By Lisa Girard
About 26 million Americans live with diabetes, a condition caused by the body’s failure to produce or properly use insulin. This number has been on the rise in recent years because of poor eating habits, an increasing number of Americans with obesity and more frequent diagnosis. In fact, according to a report from the U.S. Centers for Disease Control and Prevention (CDC) in Atlanta, one out of three children born in the United States in year 2000 will go on to develop diabetes at some point in their lives.
For the thousands of Monmouth County residents living with diabetes, there’s help available through the Diabetes Management Center at Riverview Medical Center in Red Bank. The center, which has been granted national recognition from the American Diabetes Association, is based on high-quality diabetes self-management education given by trained medical professionals to all participants.
“Diabetes is on the rise because of our lifestyles,” says Cindy Andl, a registered nurse (RN) and certified diabetes educator (CDE) with the Diabetes Management Center, which was founded in 1991. “Many people eat fatty or processed food, are overweight and don’t get enough exercise, and those people are at higher risk for diabetes.”
To participate in the Diabetes Management Program, you must have a prescription from a doctor. The program treats those with three types of diabetes: type 1, which is also referred to as juvenile diabetes because it often, though not always, develops during childhood or adolescence (5 to 10 percent of cases); type 2, the most common form, which can sometimes have no noticeable symptoms; and gestational diabetes, which occurs exclusively in expectant mothers, usually during later pregnancy. Symptoms of diabetes can include the following: fatigue; increased thirst; increased urination; dry skin; recurring infections; nausea; vomiting; and feeling listless and lethargic.
There are an additional 41 million Americans with pre-diabetes, which occurs when blood glucose levels are elevated above normal but are not high enough for a diagnosis of type 2 diabetes. The Diabetes Management Program also treats pre-diabetic patients, providing meal planning and suggested exercise routines that can help prevent diabetes or, at the least, delay its onset. “The problem is, there might not be any signs until the numbers are in the 200-300 range,” Andl says. “We need people going to the doctor on an annual basis, and if you are pre-diabetic, you need to make a lifestyle change. We have to get people to be their own health advocates.”
During the first visit to the Diabetes Management Program, the staff will conduct a thorough one-on-one assessment to determine the person’s individual needs and where the education process should begin.
“We explain what’s going on in the body so the patient knows why they’re being asked to change their diet, why they have to take medication and why they need to be sure to visit the dentist and eye doctor regularly,”
“We explain what’s going on in the body so the patient knows why they’re being asked to change their diet, why they have to take medication and why they need to be sure to visit the dentist and eye doctor regularly,” Andl says. “We teach them how and when to test their blood sugar levels, how to help lower their blood sugar levels, when to notify the doctor if the levels are too high, when to exercise, etc.”
The participant also receives his or her own personal meal plan – created by one of the center’s registered dieticians or certified diabetes educators – to control blood sugar and promote general health. “We don’t like to tell them they can’t eat what they want to,” says Mary Higgins, MS, the center’s registered dietician (RD) and a CDE. “We come up with numbers they can target, but there’s no one-size-fits-all diet.”

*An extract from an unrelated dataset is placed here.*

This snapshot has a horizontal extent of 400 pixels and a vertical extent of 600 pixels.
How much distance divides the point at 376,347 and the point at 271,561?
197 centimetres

Following that first meeting, participants are asked to track their blood glucose level using a log sheet, which can help determine trigger points for their condition. After a month of tracking, they return to the Riverview to go over the log and see if any adjustments need to be made to their diet/health plan, as well as to discuss such issues as “how to handle sick days” and “how to manage diabetes while traveling.”

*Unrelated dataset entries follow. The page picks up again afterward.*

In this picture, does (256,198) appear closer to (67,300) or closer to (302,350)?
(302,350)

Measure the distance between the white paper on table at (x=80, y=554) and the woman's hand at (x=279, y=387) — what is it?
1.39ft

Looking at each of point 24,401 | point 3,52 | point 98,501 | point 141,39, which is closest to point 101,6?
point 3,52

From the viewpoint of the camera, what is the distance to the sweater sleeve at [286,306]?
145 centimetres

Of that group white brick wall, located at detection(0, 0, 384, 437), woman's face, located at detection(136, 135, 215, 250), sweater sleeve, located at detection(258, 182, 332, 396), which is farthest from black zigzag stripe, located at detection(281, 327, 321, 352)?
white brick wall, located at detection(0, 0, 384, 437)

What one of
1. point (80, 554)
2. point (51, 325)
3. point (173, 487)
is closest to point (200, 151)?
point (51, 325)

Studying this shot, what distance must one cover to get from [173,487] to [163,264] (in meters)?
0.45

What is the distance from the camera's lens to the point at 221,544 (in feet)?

A second followup visit is then scheduled to make sure there are no further complications and to help with stress management and problem solving. Participants are free to attend further classes, which are scheduled for both day and evenings, that will reinforce this educational process with more detailed information such as how to prevent complications, what to look for in food labels, what to order in a restaurant and more.
Diabetes Management Program classes also address the following:
- Diabetes disease process and treatment options
- Nutritional management
- Incorporating physical activity into your lifestyle
- Utilizing medications (if applicable)
- Monitoring blood glucose and pattern management
- Preventing, detecting and treating acute complications
- Risk reduction, detection, and treatment for chronic complications
- Goal setting and problem solving
- Integrating psychosocial adjustment (coping skills)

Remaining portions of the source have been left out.